為實現兩個混合訊號單波長光纖通訊系統，緊接著介紹系統中採用的訊號標準，其中包含了數位訊號的SONET標準及應用於GSM系統的訊號品質界定標準，以為系統實現上可以提供具參考價值的量測依據，並且能界定系統實現上的可行性。
接著再將驗證過的元件，因應其元件特性，應用於兩個系統實現上，第一個系統是以傳統次載波調變技術，搭配射頻技術實現單一波長傳遞符合標準的乙太數位及GSM系統應用的射頻GMSK(Gaussian minimum shift keying)調變訊號，因此在此數位訊號的寬頻特性上，如何實現與射頻訊號整合的次載波調變是研究的重點，並且應用既有的純電性模擬程式建立光電轉換及光纖通道的模型，並且搭配射頻元件的模型，以進行系統評估；接下來對馬克干赫電光調變器進行一系列的分析及大訊號操作混合小訊號應用進行推導其模型，並且利用馬克干赫電光調變器的元件特性，來開發另一個名為二次光調變技術，並應用於系統上，使得數位光訊號可以與射頻電訊號同時整合，實現單波長光纖傳輸連結。

The implementation of fiber optic link with single wavelength is studied in this thesis. When a system was built, many employed components should be verified. Based on this purpose, the measuring benches of optoelectronic and radio frequency (RF) devices must be constructed for getting real parameters.
In the following topic, the standards of synchronous optical network (SONET) and global system for mobile communications (GSM) with Gaussian minimum shift keying (GMSK) modulation are described, because the implemented single wavelength fiber optic systems which operated in hybrid mode need a monitoring basis.
Using the verified components and standing on the standards of digital and modulated RF signals, a subcarrier modulation (SCM) system which comforted to SONET and GSM is implemented. The known broadband in spectrum of digital signal and the narrowband of carried GSM signal by RF tone are adopted, so how the microwave techniques applied to this system is our study goal. The estimating method of link which contains the electrical domains of transmitter and receiver, the electrical to optical (EO) conversion, the fiber channel, and the optical to electrical (OE) conversion, based on purely electrical simulator was also built in this topic.

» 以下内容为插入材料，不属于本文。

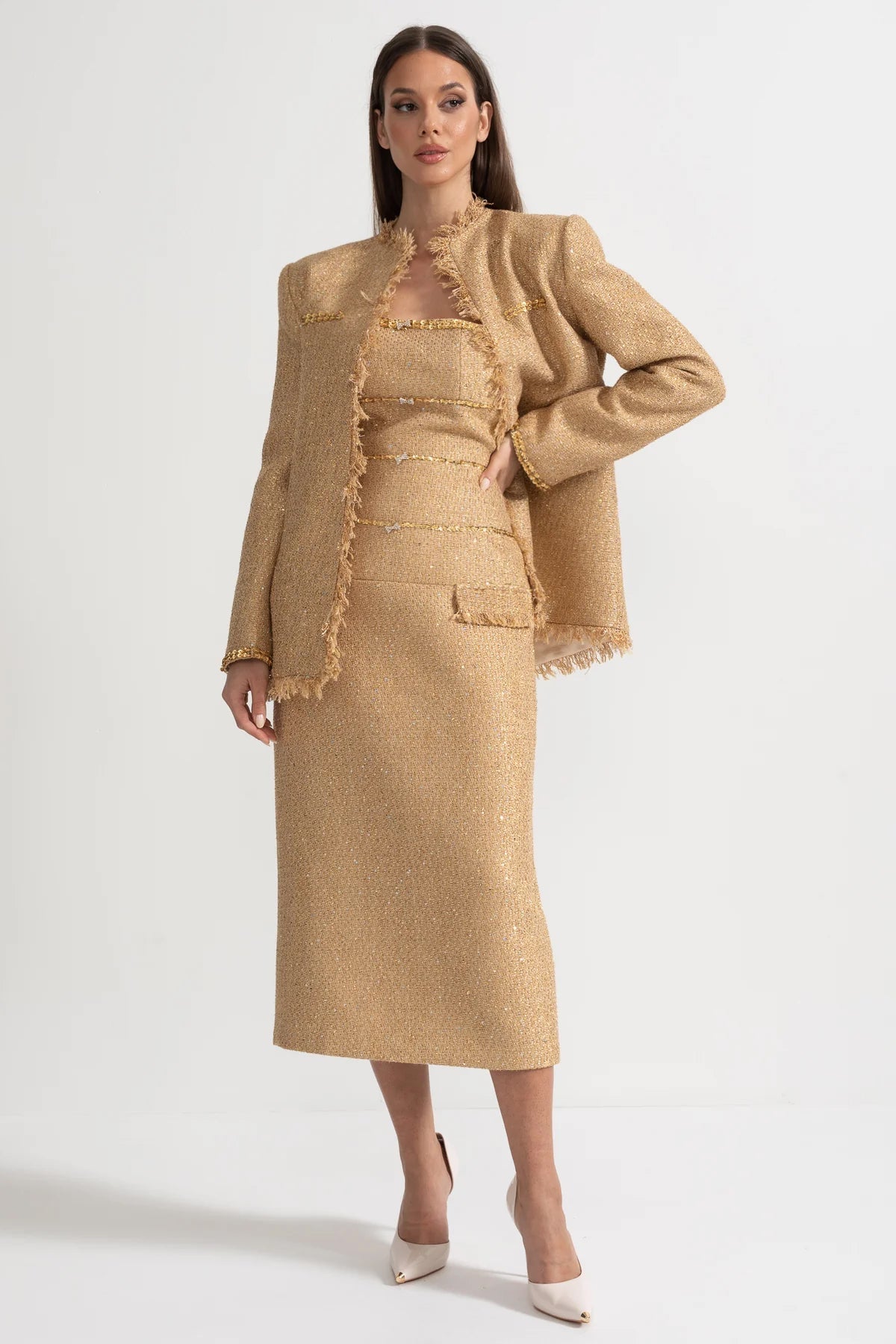 Elvire Gold Textured Tweed Overcoat With Intricate Sequin Embellishments And Fringe Trim Accents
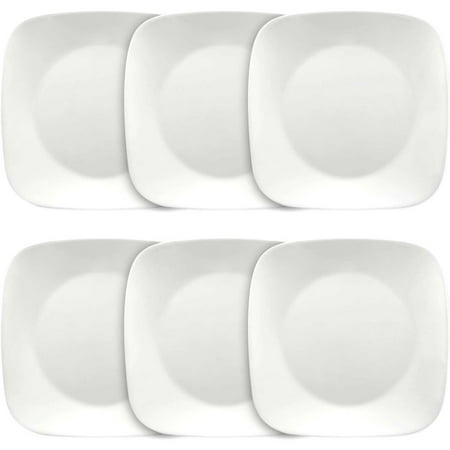 Corelle Square Pure White 10.5" Dinner Plates, Set of 6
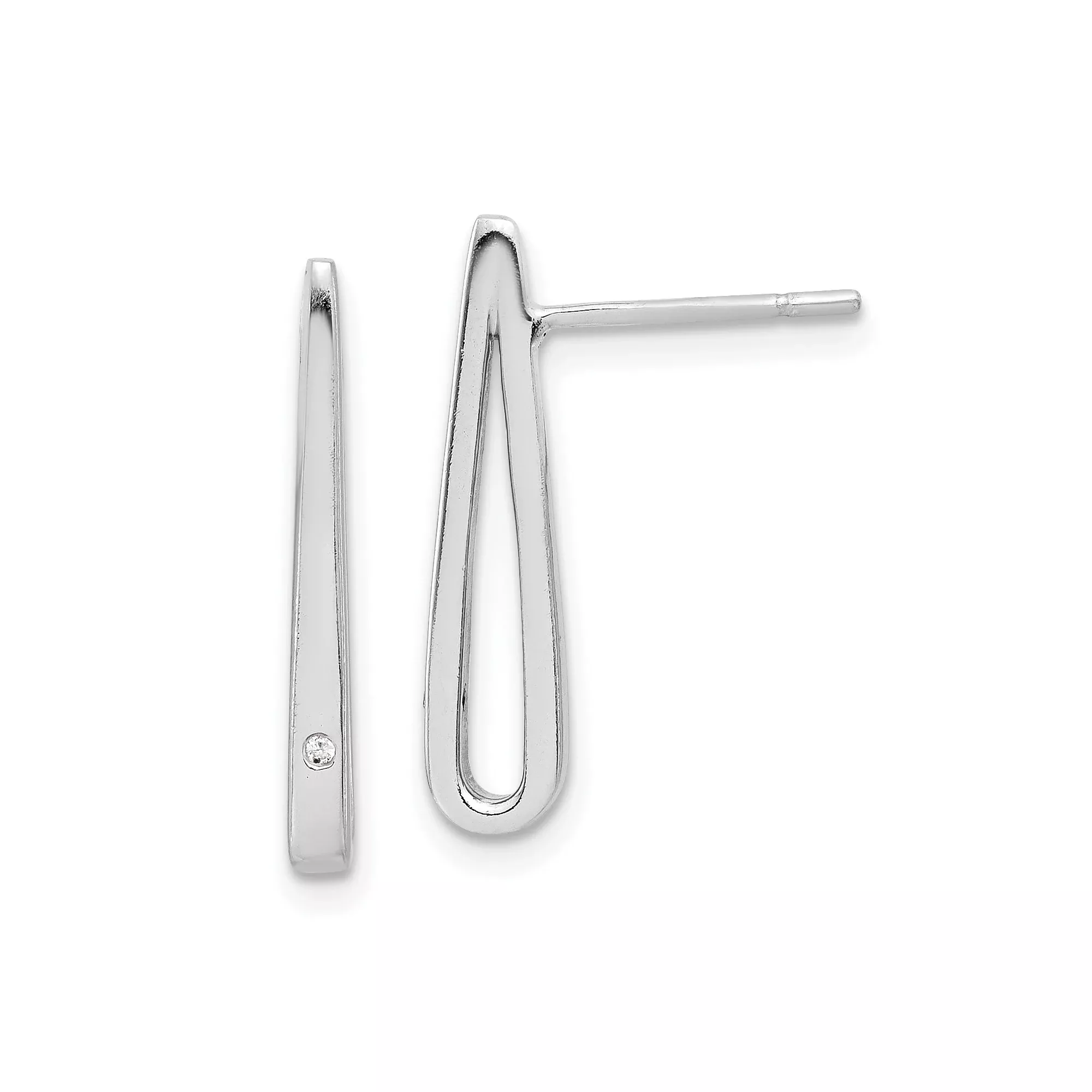 Sterling Silver Drop Earrings with Cubic Zirconia, Open Teardrop Dangle Design for Women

Next, a Mach-Zehnder electrical to optical modulator (MZ-EOM or MZM) was analyzed. An analysis of electrical small signal model with varying optical large signal model was processed. According to this innovating definition, a double optical modulation (DOM) technique applied to implementation of SCM was proposed. The digital signal in optical domain and the modulated GMSK RF tone in electrical domain were directly combined by a MZ-EOM and simultaneously propagated through a fiber channel in a single wavelength window.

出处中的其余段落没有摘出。